▶ YOUR TASK:
In the entries that follow, the first line to write out is the one containing "this 600×400 image.", and the last is the one containing "this 1024×683 image.". Reproduce that stretch exactly, with nothing before or after it.
########
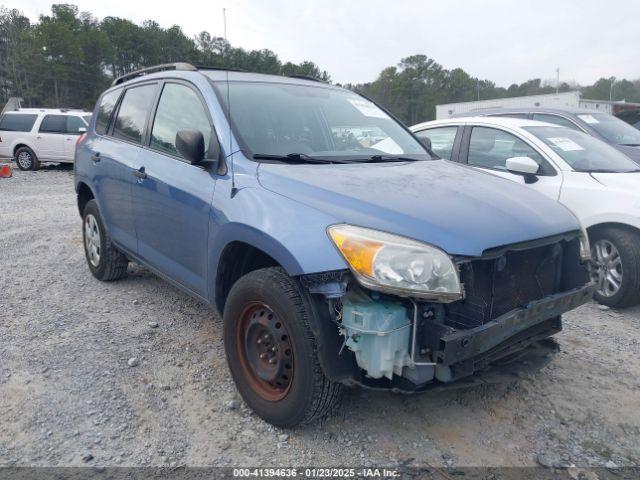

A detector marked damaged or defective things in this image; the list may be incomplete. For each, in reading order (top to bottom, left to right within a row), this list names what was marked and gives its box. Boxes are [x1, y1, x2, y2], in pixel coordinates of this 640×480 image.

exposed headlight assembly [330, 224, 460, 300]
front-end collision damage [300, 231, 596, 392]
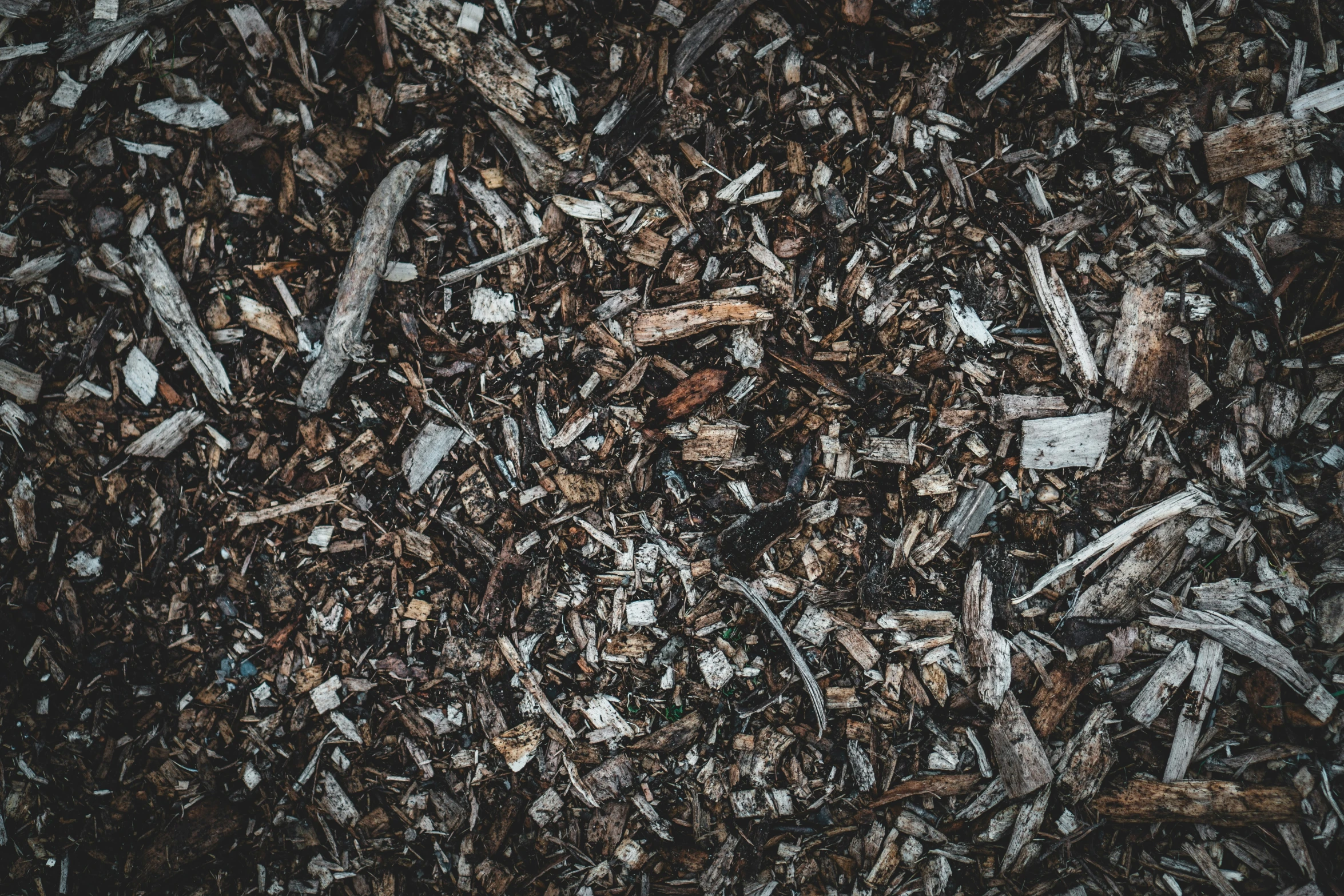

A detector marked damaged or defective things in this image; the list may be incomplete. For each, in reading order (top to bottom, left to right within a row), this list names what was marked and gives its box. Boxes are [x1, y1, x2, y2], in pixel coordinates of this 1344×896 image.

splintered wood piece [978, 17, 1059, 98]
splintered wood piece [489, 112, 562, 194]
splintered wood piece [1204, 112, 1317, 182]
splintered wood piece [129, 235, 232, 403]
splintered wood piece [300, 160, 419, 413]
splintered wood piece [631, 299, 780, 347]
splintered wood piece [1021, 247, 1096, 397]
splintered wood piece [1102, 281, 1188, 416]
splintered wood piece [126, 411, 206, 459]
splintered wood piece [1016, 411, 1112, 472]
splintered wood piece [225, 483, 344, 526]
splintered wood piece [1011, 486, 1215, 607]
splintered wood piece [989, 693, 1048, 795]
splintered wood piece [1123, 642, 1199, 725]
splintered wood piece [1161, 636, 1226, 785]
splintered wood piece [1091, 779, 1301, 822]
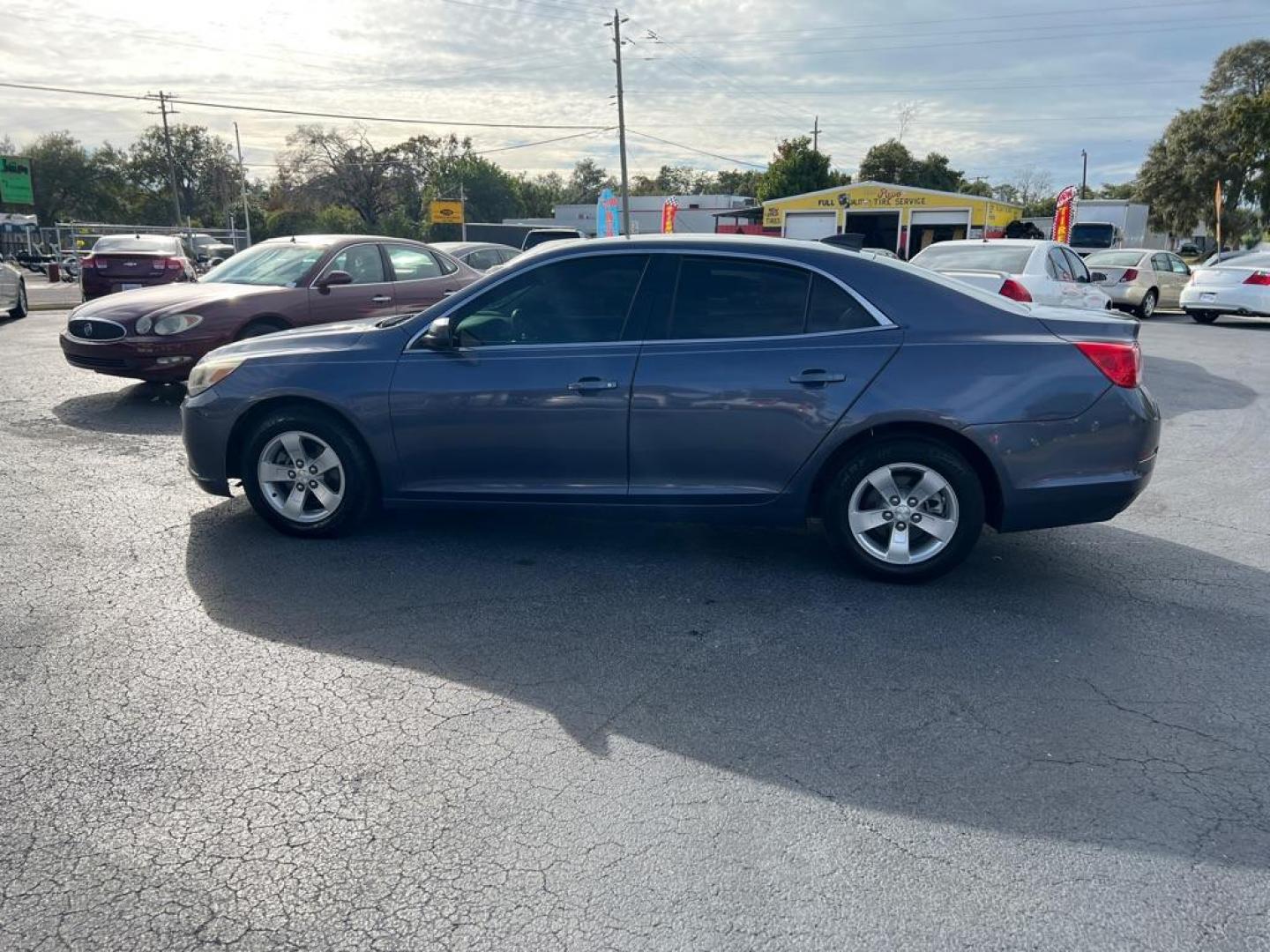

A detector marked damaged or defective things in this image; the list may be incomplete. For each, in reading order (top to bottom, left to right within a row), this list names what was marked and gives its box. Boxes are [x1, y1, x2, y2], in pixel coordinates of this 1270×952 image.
########
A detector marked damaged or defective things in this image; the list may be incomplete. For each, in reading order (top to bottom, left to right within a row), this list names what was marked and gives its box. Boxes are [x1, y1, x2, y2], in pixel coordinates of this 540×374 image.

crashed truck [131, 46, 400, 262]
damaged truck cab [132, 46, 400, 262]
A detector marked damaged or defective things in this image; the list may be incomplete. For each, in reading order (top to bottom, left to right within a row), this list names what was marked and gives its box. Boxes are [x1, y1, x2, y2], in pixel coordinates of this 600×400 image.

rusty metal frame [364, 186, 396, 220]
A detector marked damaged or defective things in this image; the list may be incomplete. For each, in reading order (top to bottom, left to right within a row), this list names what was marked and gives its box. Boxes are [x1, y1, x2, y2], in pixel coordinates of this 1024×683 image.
########
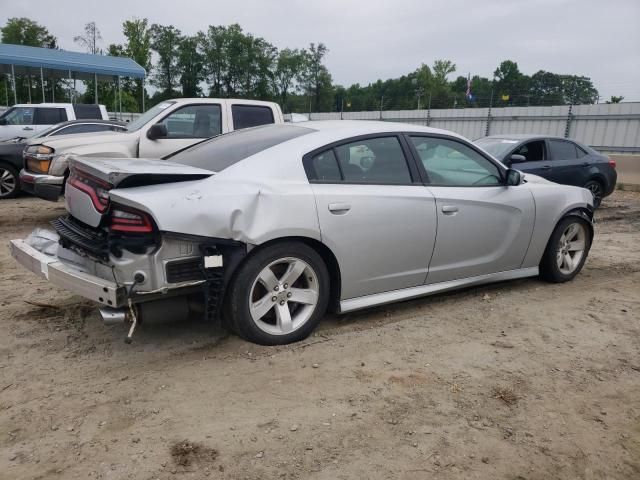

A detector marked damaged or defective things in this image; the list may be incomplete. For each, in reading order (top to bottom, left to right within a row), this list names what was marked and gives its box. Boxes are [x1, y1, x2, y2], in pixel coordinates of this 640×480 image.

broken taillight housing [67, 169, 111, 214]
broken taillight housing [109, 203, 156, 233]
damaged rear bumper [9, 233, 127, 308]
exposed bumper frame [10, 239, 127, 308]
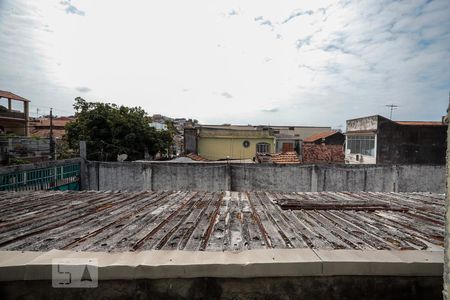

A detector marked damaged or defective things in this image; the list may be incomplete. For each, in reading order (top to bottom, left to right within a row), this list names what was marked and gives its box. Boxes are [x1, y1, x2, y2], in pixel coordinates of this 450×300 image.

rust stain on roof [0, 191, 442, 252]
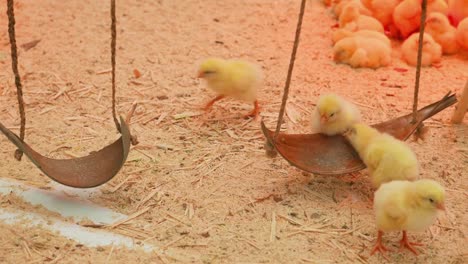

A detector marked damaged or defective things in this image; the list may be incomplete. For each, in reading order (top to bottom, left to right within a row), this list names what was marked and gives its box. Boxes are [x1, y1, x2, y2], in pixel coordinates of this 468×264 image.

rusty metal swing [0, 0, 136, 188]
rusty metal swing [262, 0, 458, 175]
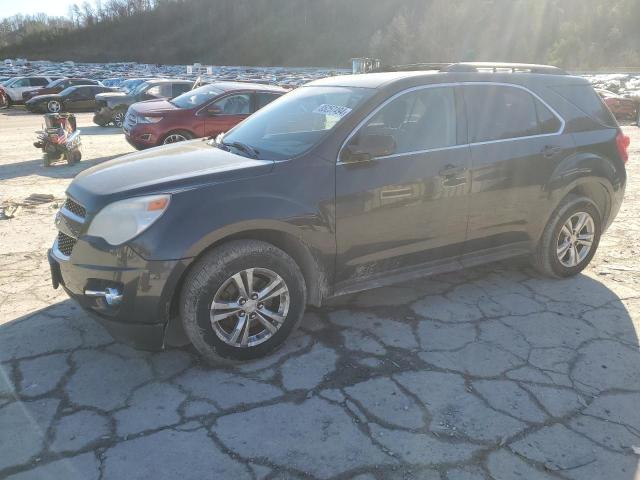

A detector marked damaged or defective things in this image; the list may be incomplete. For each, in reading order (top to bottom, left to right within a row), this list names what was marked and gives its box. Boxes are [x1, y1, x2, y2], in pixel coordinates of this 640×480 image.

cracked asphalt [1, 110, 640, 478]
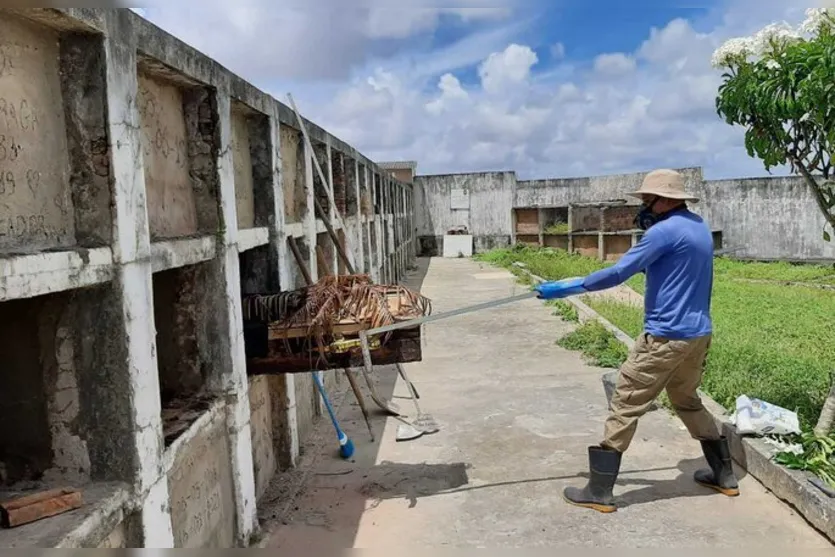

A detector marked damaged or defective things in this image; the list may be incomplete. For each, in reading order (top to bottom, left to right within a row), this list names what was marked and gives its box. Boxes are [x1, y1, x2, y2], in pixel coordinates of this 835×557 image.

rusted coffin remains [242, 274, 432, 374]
########
▶ SOLUTION TO THIS EXERCISE:
A detector marked damaged or defective things in this image; the list may be incomplete. For each, in reading order (top to bottom, left to right within a row), this list names what was marked and gives its box. Boxes are [x1, y1, x2, y2], in pixel coordinates of this 600×400 image.

rusty metal frame [364, 186, 396, 220]
A detector marked damaged or defective things in this image; the list may be incomplete. For each, in reading order (top to bottom, left to right within a row), this list names what was marked and gives its box. Boxes are [x1, y1, x2, y2], in pixel coordinates of this 1024×683 image.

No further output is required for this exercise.